* _RECORDED DATA_:
+-------+

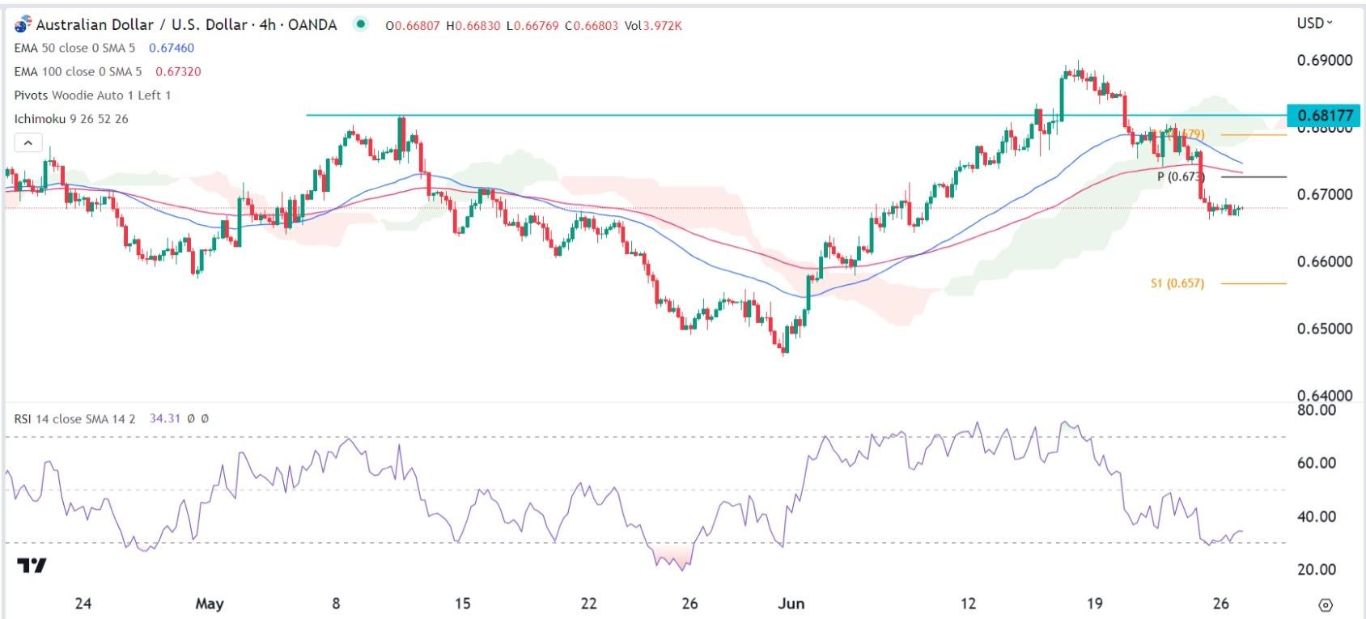 الرسم البياني اليومي لزوج الدولار الأسترالي/الدولار الأمريكي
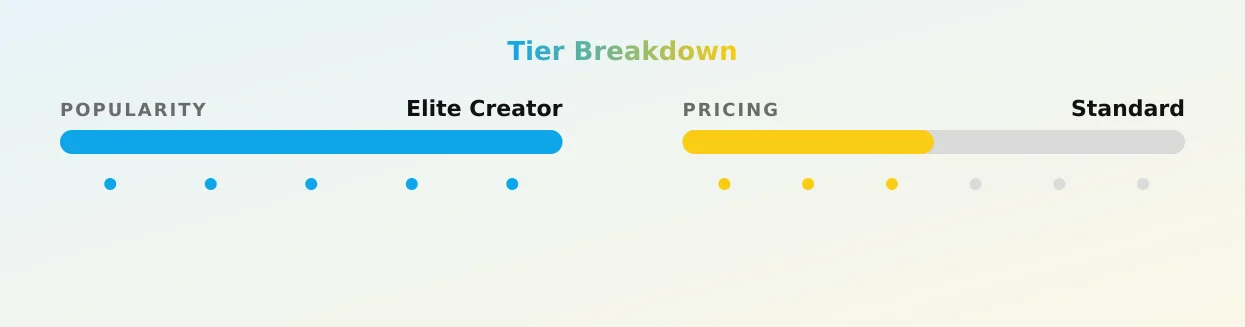 Amber — popularity and pricing tiers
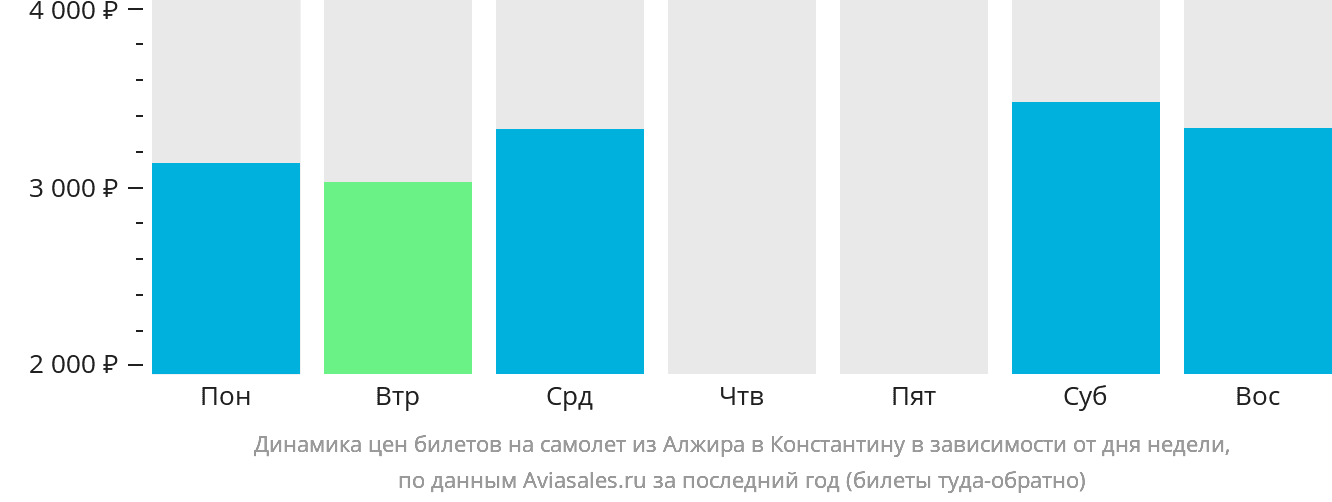 Динамика цен билетов на самолёт из Алжира в Константину в зависимости от дня недели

+-------+

* _ASSIGNED TASK_: Without including any picture, output all the material exactly as it appears.

* _REPLY_:
 الرسم البياني اليومي لزوج الدولار الأسترالي/الدولار الأمريكي
 Amber — popularity and pricing tiers
 Динамика цен билетов на самолёт из Алжира в Константину в зависимости от дня недели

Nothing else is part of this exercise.